The Montauk Project
The abandoned radar station at Montauk Point. Not shown: secret underground facilities housing thousands of scientists that no one in the area has ever seen.
Unusual stuff seems to happen in New York State with unusual regularity. First, Long Island saw a bad hoax involving a haunted house turned into a movie, The Amityville Horror, and now people are claiming somewhat similar wacky goings on are occurring at an abandoned air force base at Montauk Point.
At the eastern end of Long Island’s southern point, the government set up one of many gargantuan radar dishes to warn us of any incoming Soviet threats from the Atlantic. These dishes rapidly went obsolete as we developed better and better computer technology, and the site was closed in 1969. Though the building that houses the radar device itself is fenced off from the public, the land around it has since been donated to the state of New York for use as a public park.
That much everyone can agree on. However, this was just a warm-up for conspiracy theorists, a sort of stretching of the legs for the marathon of madness that is about the begin. They point out that when the federal government donated the land to the state of New York, the retained the rights to “everything beneath the surface” and the right to some day reoccupy the land if made necessary by a matter of national security.
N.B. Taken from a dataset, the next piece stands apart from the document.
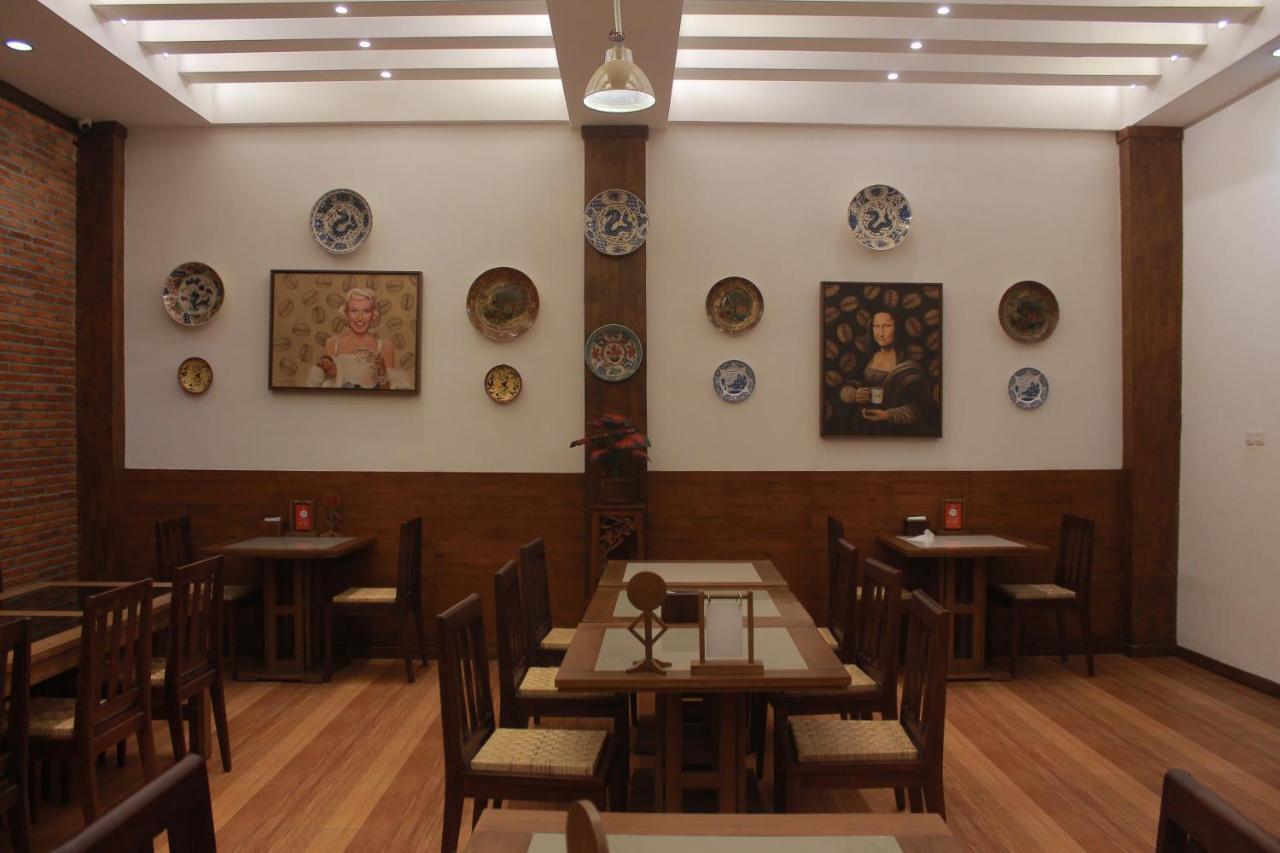 Baratha Hotel & Resto Bondowoso Zewnętrze zdjęcie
This, say the conspiracists, is because the government maintains a secret underground research facility at Montauk Point. The evidence is varied and almost entirely circumstantial: conspiracists claim that civilians visiting the park are routinely threatened by armed government agents ordering them not to venture into certain areas of the park; electrical workers are rumored to have installed a power station capable of using gigawatts of energy (enough to power a city); and every once in a while strange lights or shapes are seen in the skies nearby.
This evidence is entirely circumstantial. It doesn’t take a rocket scientist to see that conspiracists will take stories of park rangers trying to keep tourists on the trails and turn them into government thugs trying to keep the nosy from discovering their top-secret experiments.
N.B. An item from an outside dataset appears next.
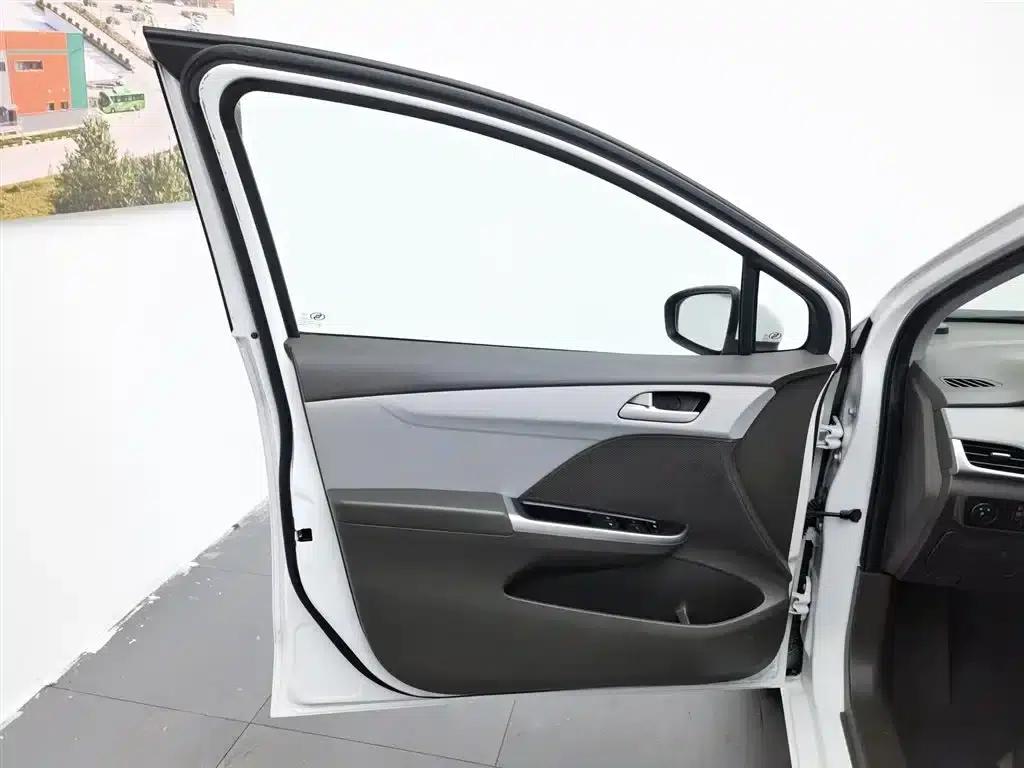 Chevrolet Aveo RV 2018 1.5L Automatic Comfort Edition — миниатюра 8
But let’s back up before we get into what the experiments are. I hate to get into history, but the supposed story of the Montauk Project is much too awesome to go without. According to the conspiracy theory, in 1945 American troops had liberated France. Well, that part’s not a conspiracy theory. That part is true. The conspiracy theory says that some of those troops discovered a train full of Nazi gold stopped in a tunnel. They notified the proper authorities, who promptly arrived on the scene, took the gold, and then killed every single soldier so as to ensure that no one… well, knew they had some gold, I guess.Meanwhile, elsewhere in the crumbling Reich, the Americans were helping German scientists flee the country with, of course, the provision that they work for the US government under the guise of Operation Paperclip.
Some of these scientists were brought back to America, teamed up with the scientists who had worked on the Philadelphia Experiment, were given the Nazi gold, and a research facility was built for them underground, beneath the radar system at Montauk Point.
After constructing the research facility at Montauk Point, the scientists got busy working on their various projects. Depending on whether or not you believe everything you hear, these experiments could include any of the following things: particle physics research using an experimental particle accelerator, experiments in time travel or the bending of space, contacting space aliens, inventing the internet, electromagnetic mind control, building black helicopters, so on and so forth. It’s also where the moon landings were faked, to say nothing of the fact that researchers there built a 50-foot tall Pyramid out of pure titanium, (apparently underground) for some reason.
But it gets better! Nikolai Tesla, the original Balkan Sensation, is said to have faked his death, surviving long enough to become director of operations at the facility. He’s not the only dead man to walk, however, since mathematician John von Neumann, quite thoroughly dead since 1957 is said to have been spotted there.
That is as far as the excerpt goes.